„Learning by doing” – Wenn Azubis Chef werden

Große Ereignisse werfen ihre Schatten voraus. Ab dem 24. Juni startet wieder das beliebte Kultur-Sommerfestival brühlermarkt, in diesem Jahr bereits zum 35. Mal. Bis zum 17. Juli finden in der Brühler Innenstadt 21 hochkarätige Veranstaltungen statt, soweit das Wetter es zulässt unter freiem Himmel. Neben vielen bekannten Gesichtern und aus den Vorjahren bewährten Programmpunkten gibt es auch zwei völlig neue Veranstaltungen. Die „A-cappella-Nacht“ am 25. Juni sowie der „1. Brühler Comedy Markt“ am 14. Juli. Das Besondere an den beiden Veranstaltungen: Sie wurden weitgehend in Eigenverantwortung von den beiden Auszubildenden Daniela Wiebe und Sarah Kortmann konzipiert und umgesetzt. Wir haben uns mit ihnen im Brühler Rathaus getroffen.

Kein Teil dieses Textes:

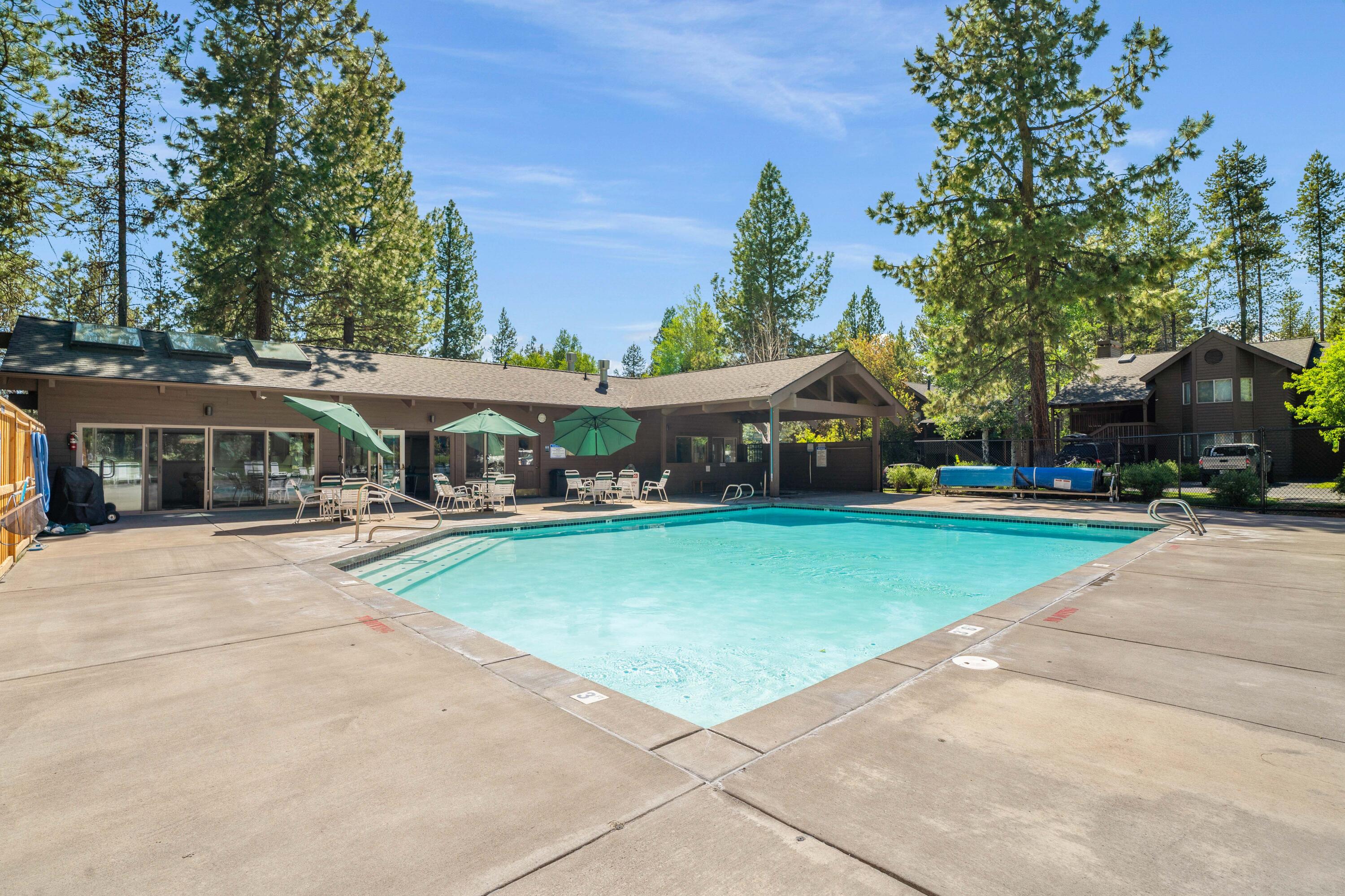 57303 Beaver Ridge Loop, Unit 9B1 Sunriver, OR 97707 - Photo 17 of 18 2-Amenities
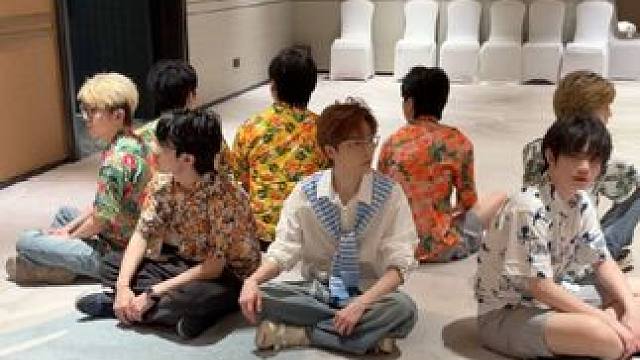 假装在沙滩上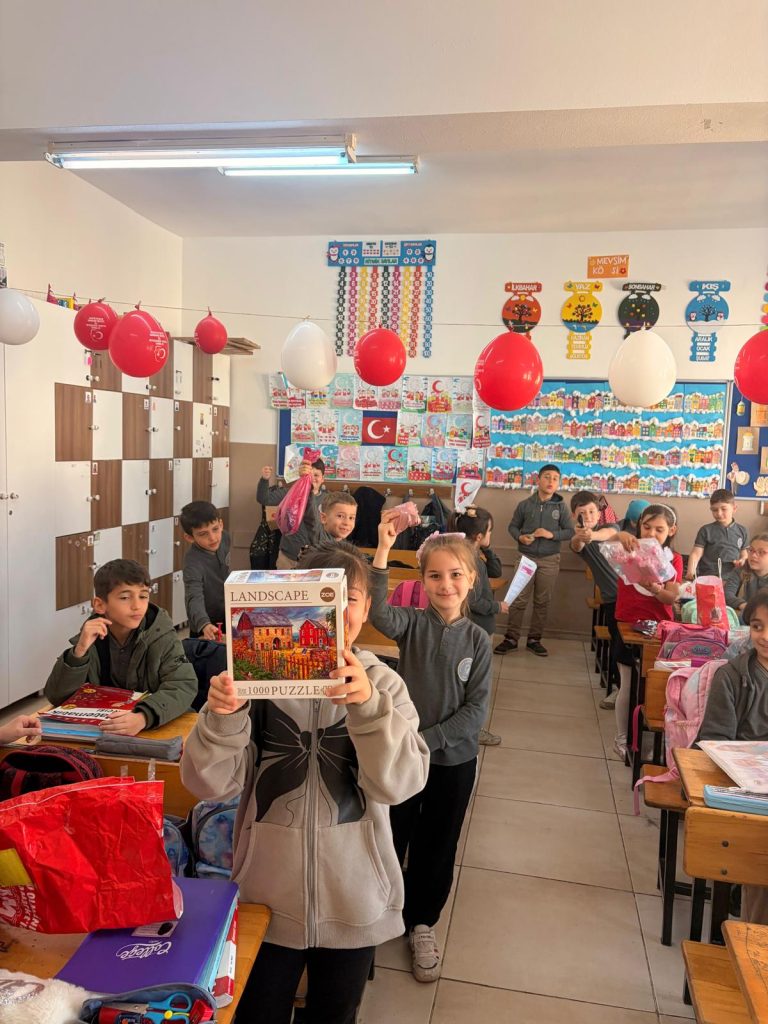 Öğrencilerden Sıfır Atık Etkinliği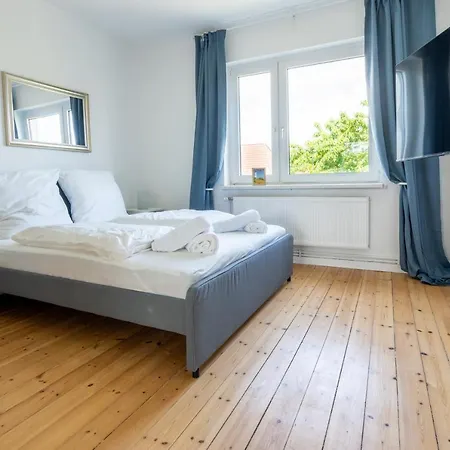 2 Am Hafen Апартаменты *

Wir sitzen im Büro von Dietmar Druckrey, dem Bereichsleiter Veranstaltungsmanagement bei der Stadt Brühl. Bei ihm laufen alle Fäden zusammen, er ist für die Inhalte des brühlermarkts zuständig. Und er betreut auch die beiden Auszubildenden, die den Beruf der Veranstaltungskauffrau erlernen. Seit dem Jahr 2001 gibt es das neue Berufsbild. Seit dieser Zeit wird dieser staatlich anerkannte Ausbildungsgang mit IHK-Abschluss bei der Stadtverwaltung Brühl im Kulturbereich angeboten. Damit gehört die Stadt Brühl zu den ersten kommunalen Ausbildungsträgern in Nordrhein-Westfalen.

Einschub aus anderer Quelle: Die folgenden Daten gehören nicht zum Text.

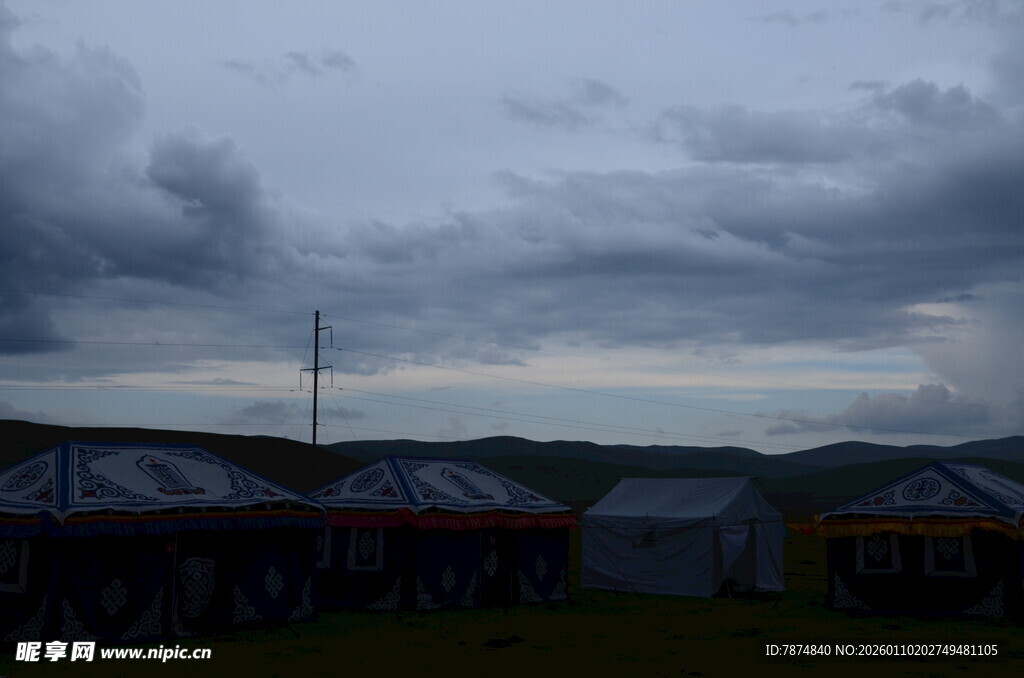 草原上的帐篷与阴沉天空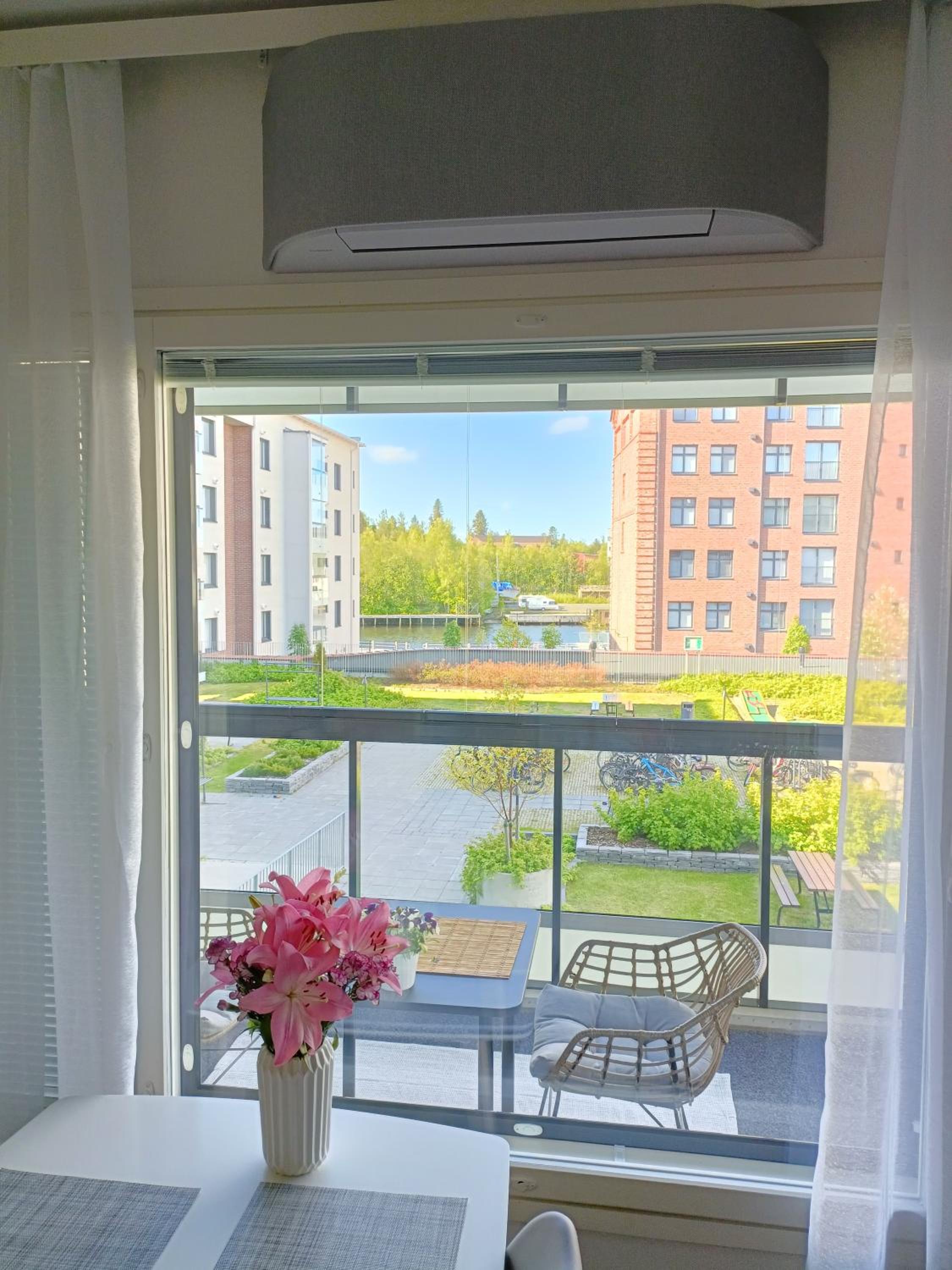 Toppilansalmi two bedroom apartment with a view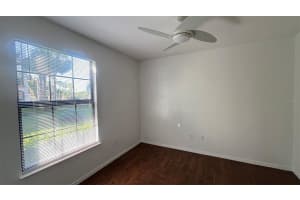 8325 38TH STREET CIRCLE, SARASOTA, FL 34243 - MLS#MFRA4647617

Daniela Wiebe ist Auszubildende der Stadt Brühl, Sarah Kortmann leistet ihren praktischen Ausbildungsabschnitt im Bereich Veranstaltungsmanagement ab. Sie wird ansonsten von der privaten Macromedia Berufsakademie für Medien und Eventmanagement ausgebildet. „Es ist schon immer der Herzenswunsch unserer Bürgermeister gewesen, von Seiten der Stadt viele Ausbildungsplätze anzubieten“, sagt Dietmar Druckrey. „Und wir wären ja dumm, wenn wir das als die Kulturhauptstadt des Rhein-Erft-Kreises nicht auch im Bereich Veranstaltungsmanagement tun würden.“ Bereits drei Auszubildende schafften ihren Abschluss in dem noch jungen Beruf, übrigens allesamt weibliche Auszubildende. „Die Mädels sind einfach cleverer“, meint Dietmar Druckrey augenzwinkernd.

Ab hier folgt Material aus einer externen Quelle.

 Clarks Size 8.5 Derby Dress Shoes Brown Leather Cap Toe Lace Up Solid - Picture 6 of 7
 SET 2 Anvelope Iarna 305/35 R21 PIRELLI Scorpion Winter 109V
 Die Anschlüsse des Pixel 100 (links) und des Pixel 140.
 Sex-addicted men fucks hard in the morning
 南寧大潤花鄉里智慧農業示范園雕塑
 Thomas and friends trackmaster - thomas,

Begehrter Ausbildungsplatz

Rund 100 Bewerbungen gehen bei der Stadt Brühl ein, wenn die Lehrstelle zum Veranstalungskaufmann/frau ausgeschrieben wird. Zuletzt machte Daniela Wiebe das Rennen um den begehrten Platz. Sie bringt ideale Voraussetzungen mit. Sie hat Englisch und Sport an der Universität zu Köln studiert und sich dort sehr in Fachschafts- und Asta-Arbeit engagiert. „Dabei habe ich gemerkt, wie gerne ich plane und organisiere“, berichtet die 29-Jährige. „Ich habe die Öffentlichkeitsarbeit koordiniert, den Streik gegen die Einführung der Studiengebühren mitorganisiert.“ Darüber hinaus hat sie in der Gastronomie gejobt und gemerkt: „Ich kann gut mit Menschen.“

Irgendwann ließ Daniela Wiebe dann das Studium Studium sein. Sie arbeitete vier Jahre erst als Assistentin und später als Aufnahmeleiterin bei zahlreichen Film- und Ferrnsehproduktionen wie „Freche Mädchen“ oder der „Wilsberg“-Krimireihe des ZDF. „Das war ein toller Job. Doch es waren immer nur kurzfristige, projektbezogene Engagements. Deshalb habe ich mich um die Ausbildungsstelle bemüht“, sagt Daniela Wiebe. „Die Action fehlt mir nicht. Jetzt genieße ich meinen Schreibtisch und mein Büro.“ Das teilt sich die gebürtige Münsteranerin nun mit Sarah Kortmann.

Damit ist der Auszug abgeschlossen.